▸ WHAT YOU HAVE TO DO: Every entry should be returned unchanged, with the pictures omitted.

━━━━━━━━

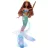 Mattel Disney A kis hableány: Deluxe Ariel sellő baba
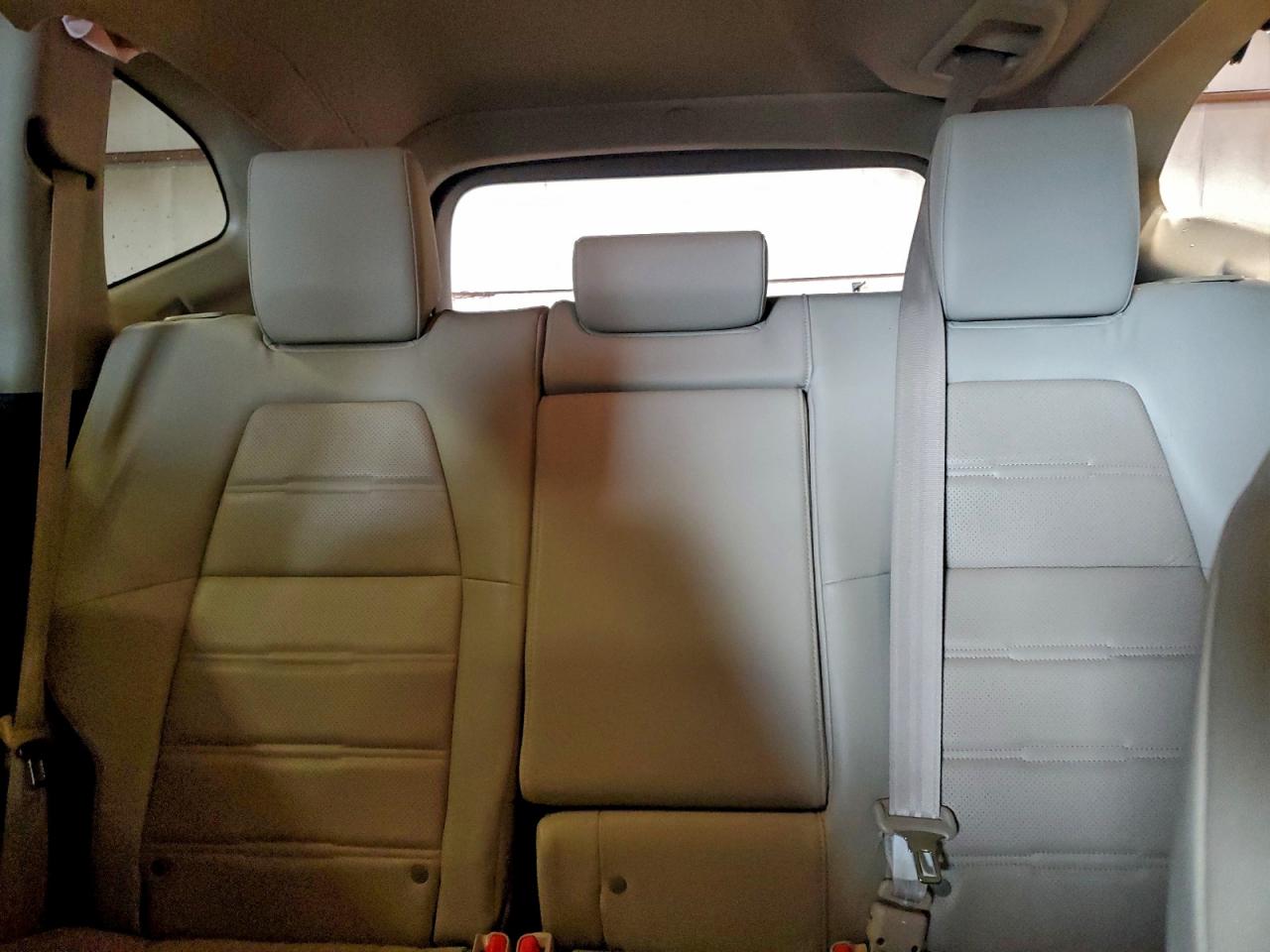 2018 HONDA CR-V EXL photo 10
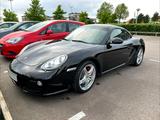 Porsche Cayman S 3,4 PDK - gebrauchte Porsche Cayman aus dem Jahr 2010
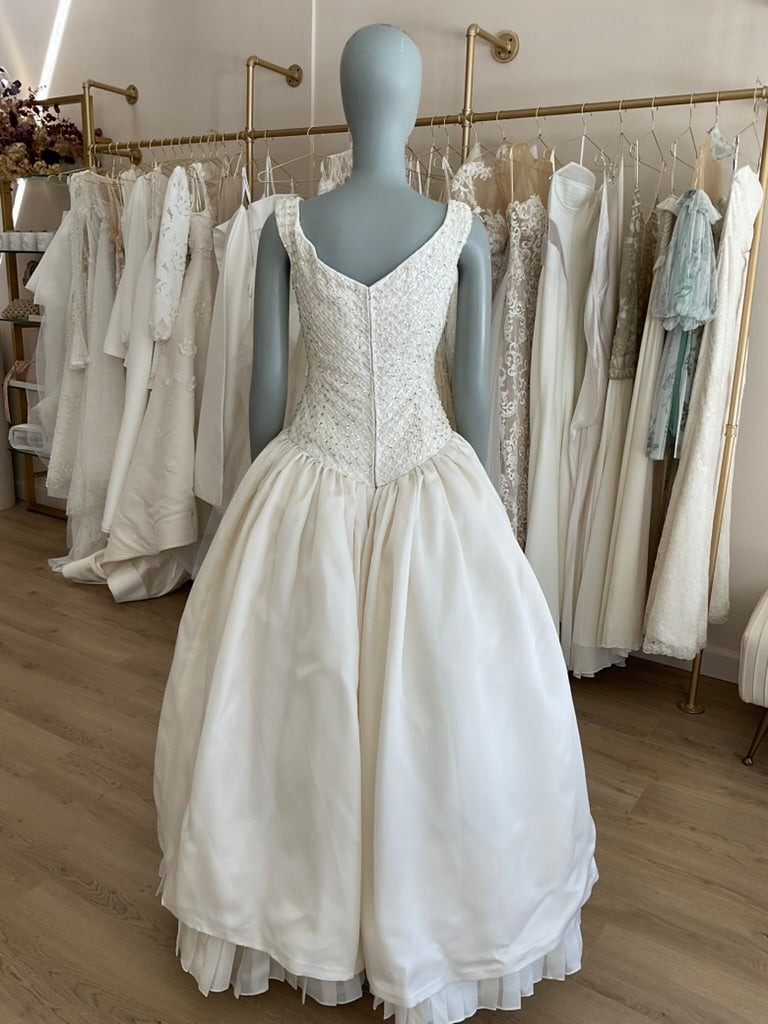 Vera Wang - Circa 1995 (4)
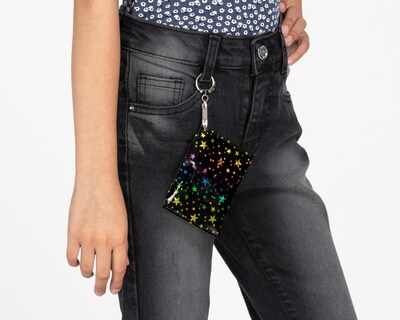 Foto 4 | Pantalón Girls Attitude Flare para Niña
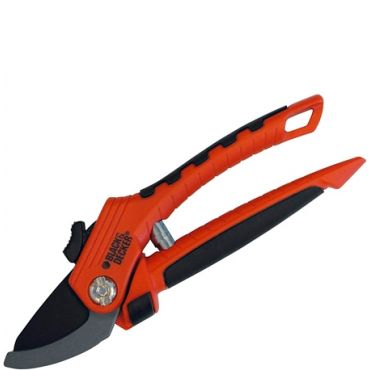 Black & Decker oksasakset
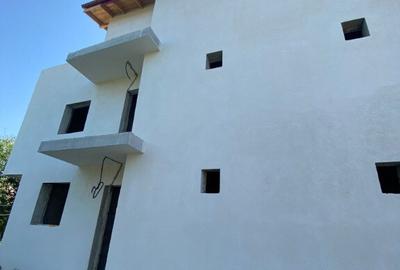 Duplex P+1+M - 5 Camere - 2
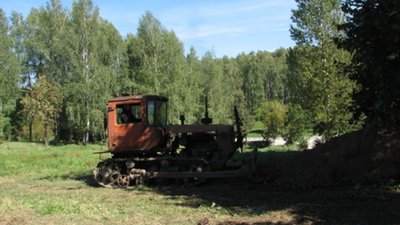 Будівельний скандал: тернополяни повстали проти забудови парку Національного відродження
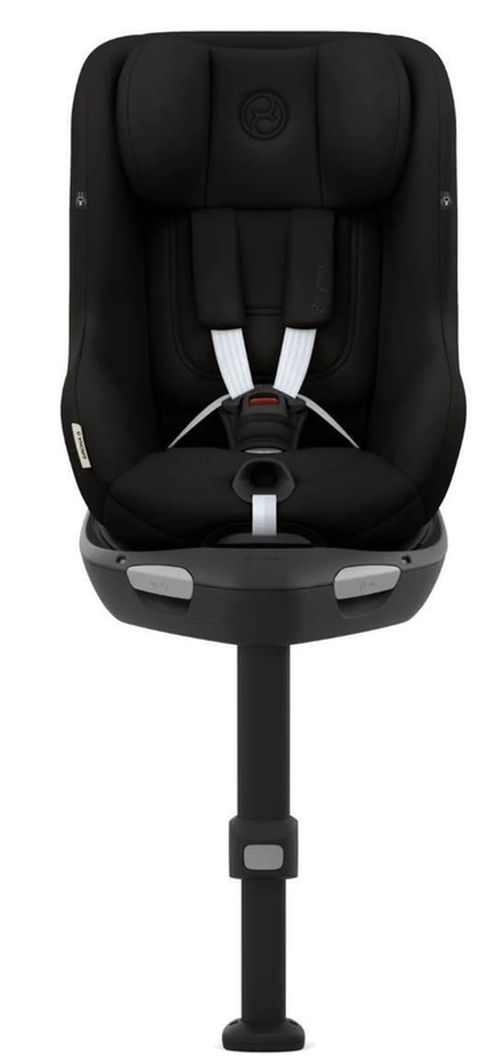 купить Автокресло Cybex 524001423 Scaun auto Sirona G i-Size Magic Black, 40-105cm в Кишинёве 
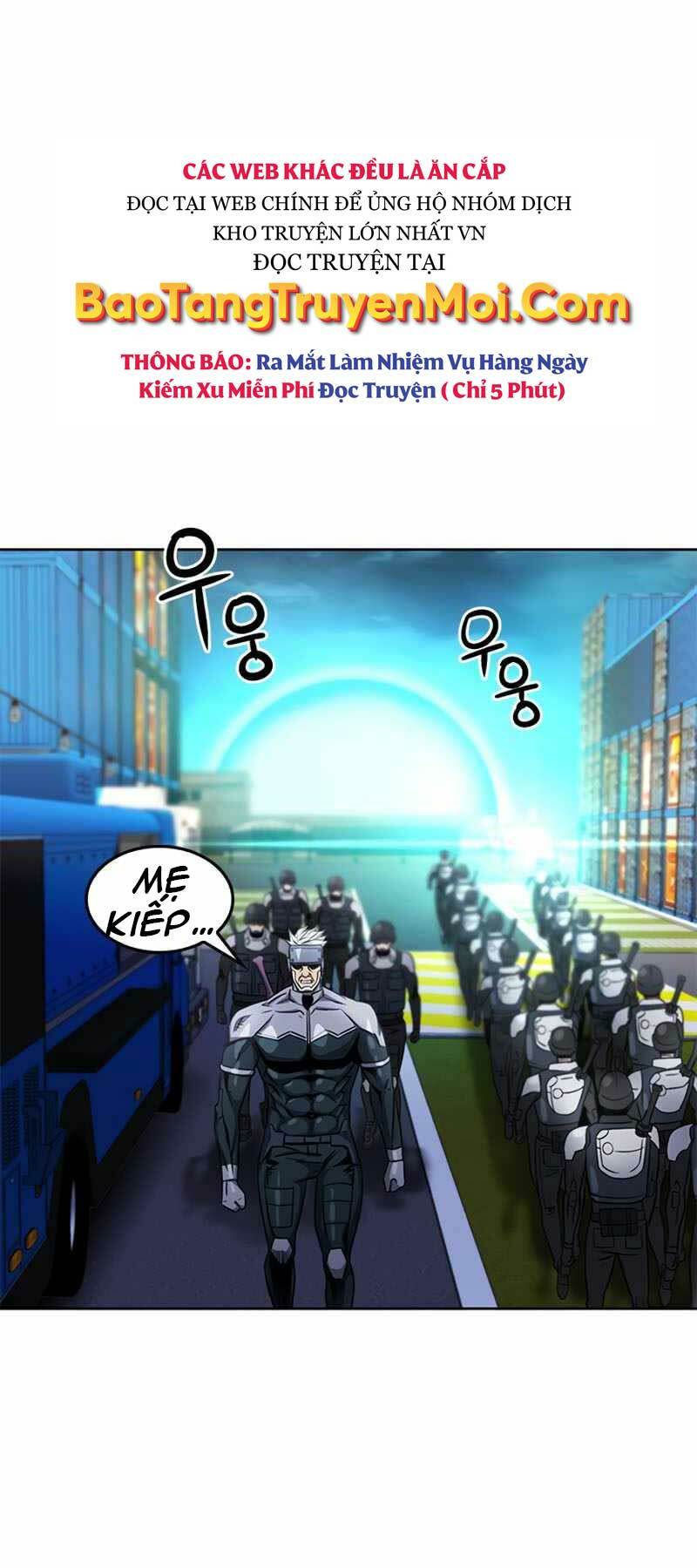 Druid Tại Ga Seoul – Người Hóa Thú Chapter 54 - Trang 2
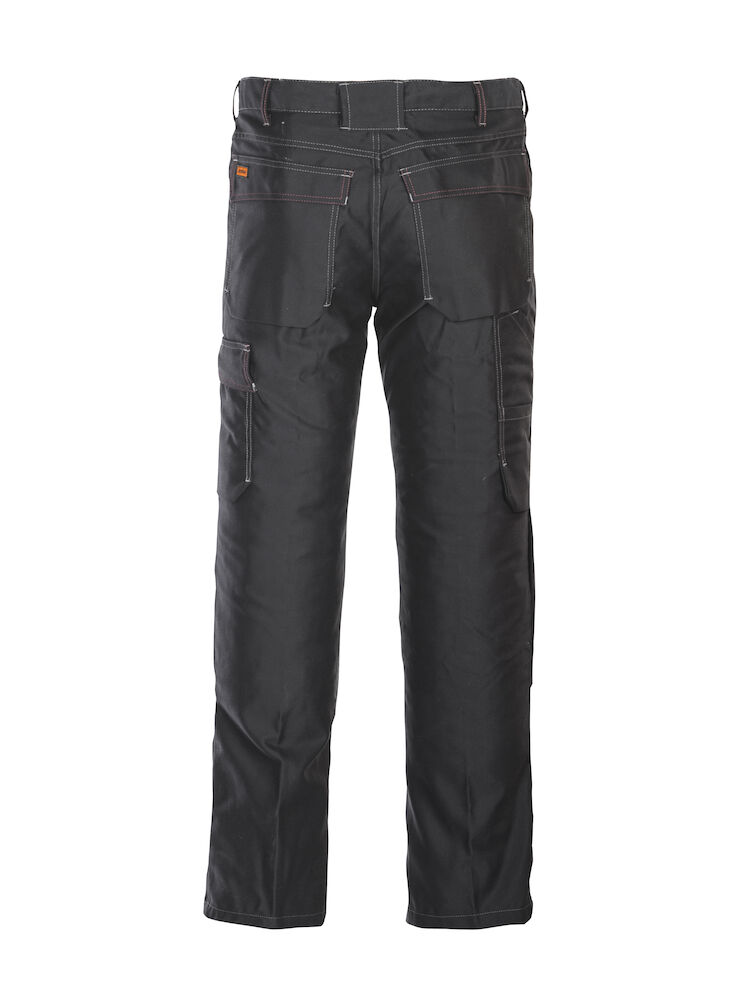 2091 Trouser Flame Retardant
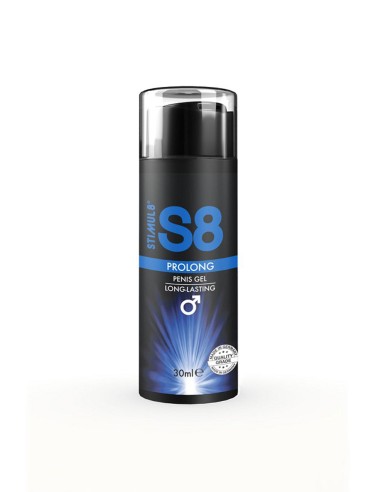 Prolongateur d'érection S8 Prolong Penis 30ml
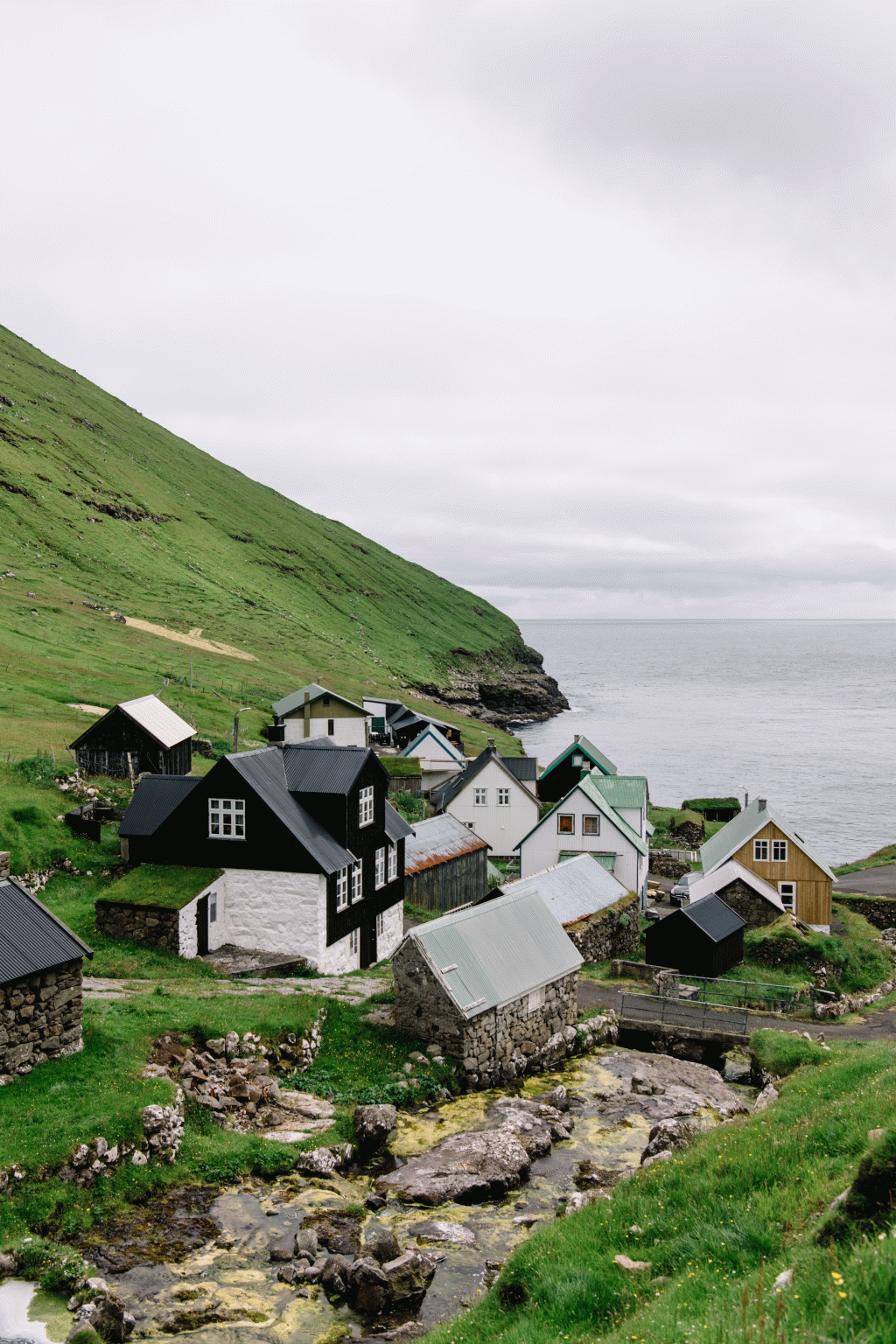 Norðoya kunningarstova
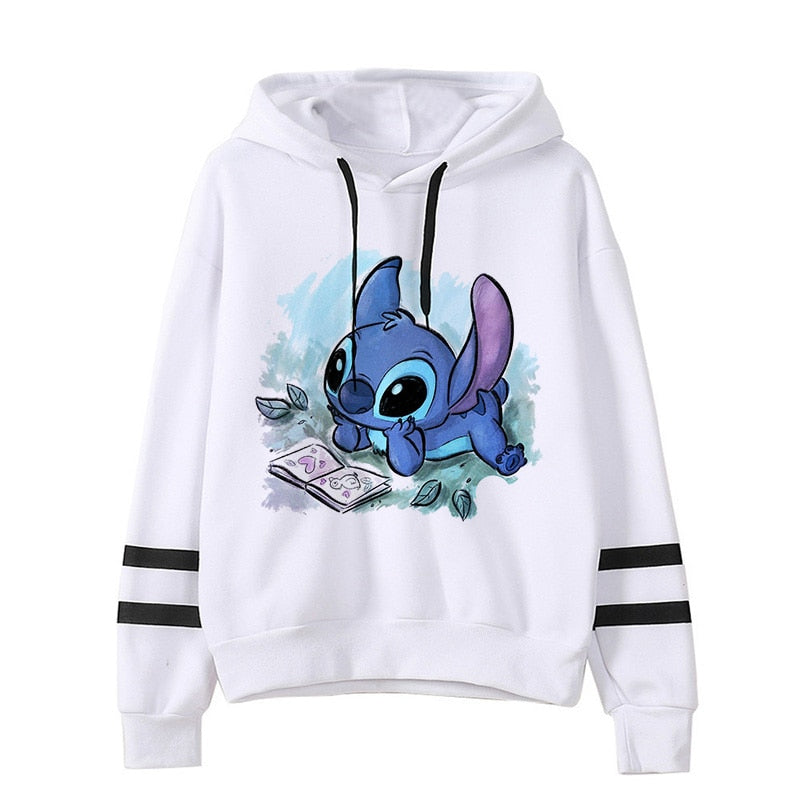 pull lilo et stitch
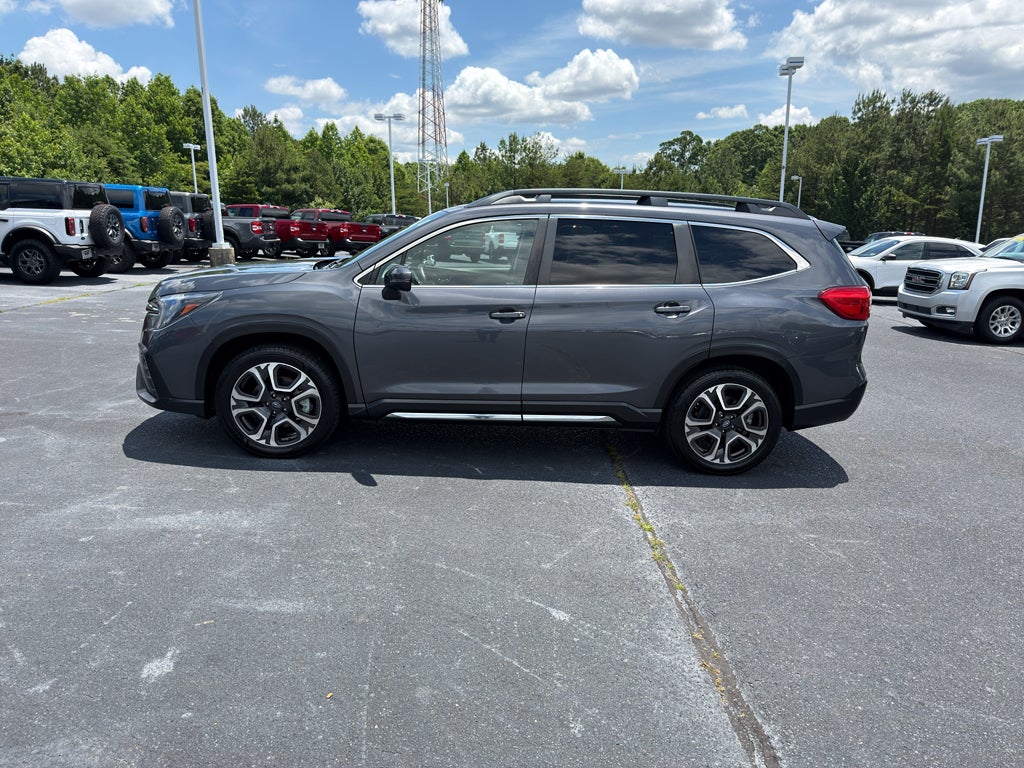 2023 Subaru Ascent Limited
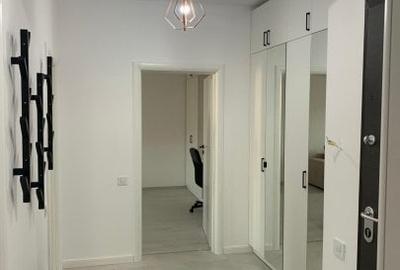 Apartament Plaza Residence bloc nou metrou ANAF - 2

━━━━━━━━

▸ ANSWER TO THIS PROBLEM:
 Mattel Disney A kis hableány: Deluxe Ariel sellő baba
 2018 HONDA CR-V EXL photo 10
 Porsche Cayman S 3,4 PDK - gebrauchte Porsche Cayman aus dem Jahr 2010
 Vera Wang - Circa 1995 (4)
 Foto 4 | Pantalón Girls Attitude Flare para Niña
 Black & Decker oksasakset
 Duplex P+1+M - 5 Camere - 2
 Будівельний скандал: тернополяни повстали проти забудови парку Національного відродження
 купить Автокресло Cybex 524001423 Scaun auto Sirona G i-Size Magic Black, 40-105cm в Кишинёве 
 Druid Tại Ga Seoul – Người Hóa Thú Chapter 54 - Trang 2
 2091 Trouser Flame Retardant
 Prolongateur d'érection S8 Prolong Penis 30ml
 Norðoya kunningarstova
 pull lilo et stitch
 2023 Subaru Ascent Limited
 Apartament Plaza Residence bloc nou metrou ANAF - 2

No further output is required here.